1. Ruyuan Grand Canyon, Shaoguan 

Ruyuan-Grand-Canyon.jpg
Image via Xianyi Shen/Flickr

This is the place to enjoy some of Guangdong’s best hiking. The imposing Ruyuan Grand Canyon is an ideal adventure location and has been previously recognized as one of the top 10 tourist destinations in the province. The canyon is more than 300 meters deep and 15 kilometers long.

Camping here also means you can enjoy crystal-clear water and the thunderous roar of waterfalls, the most imposing of which is Tenglong Great Fall, which plummets 200 meters into the valley below.

Understand: It can get cold at Ruyuan Grand Canyon, so be sure to pack plenty of clothing. A warm sleeping bag is also advisable during cold winter nights.
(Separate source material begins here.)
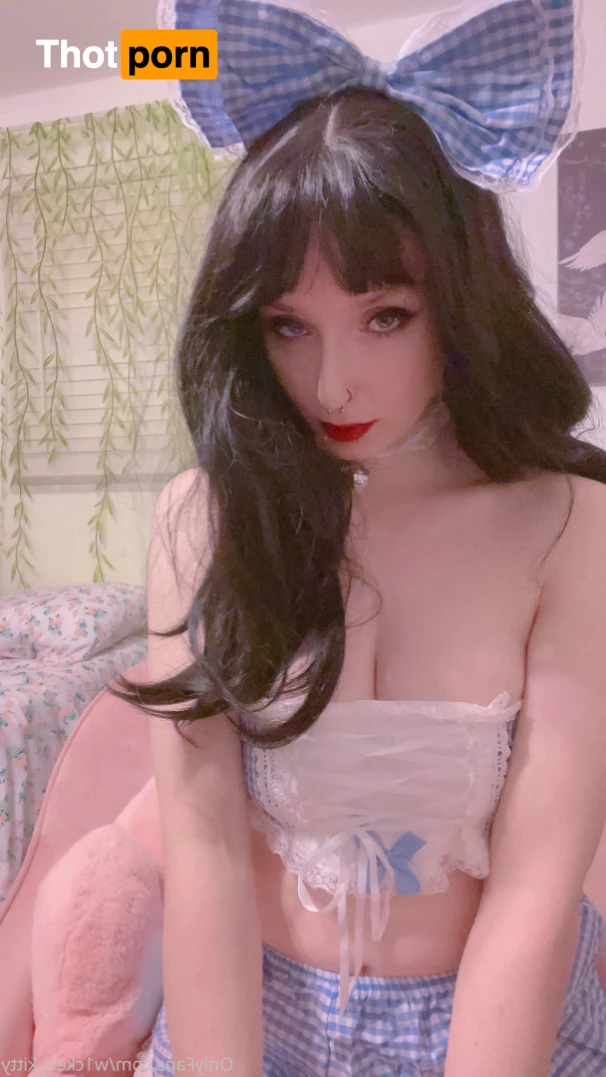 𝒦𝒾𝓉𝓉𝓎🥀 8019230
Must do: Taste the local delicacies, such as fried river snails and fried sour bamboo shoots.

Getting there: Take a train or coach to Shaoguan and transfer to a line 3 bus headed to Xihe bus station. From there, a bus goes to Ruyuan every 15 minutes from 7am-5pm.


2. Yingde Grassland, Tianmengou Scenic Area, Qingyuan

Yingde-Grassland.jpg
Image via Kinshuk Sunil/Flickr

This scenic location is perched on a mountaintop, at an altitude of 1,100 meters, and is said to be the site of one of China’s first primitive villages.

Set your tent up amongst the flowers and enjoy the local scenery, which includes the behemoth 136-meter-high Tianmen waterfall. The area also boasts numerous geothermal features, including hot spring baths to help you unwind after a long day of exploring.

Yingde Grassland is perched at a reasonably high altitude - temperatures and weather will fluctuate - so bring appropriate clothing. Dressing in layers and packing waterproof gear would be wise.

Understand: Be forewarned, Yingde Grassland does not come with flush toilets or showers.

Must do: See the Tianmen waterfall; sample the renowned Kowloon tofu and Yingdehong tea.

Getting there: Trains to Yingde Xi Station can be boarded from Shenzhen Bei and Guangzhou Dong, both taking roughly 90 minutes. Once in Yingde, take bus 11 to Chengxi Passenger Station, then take the shuttle towards Boluo and get off at Jiuzhou Yizhan scenic spot.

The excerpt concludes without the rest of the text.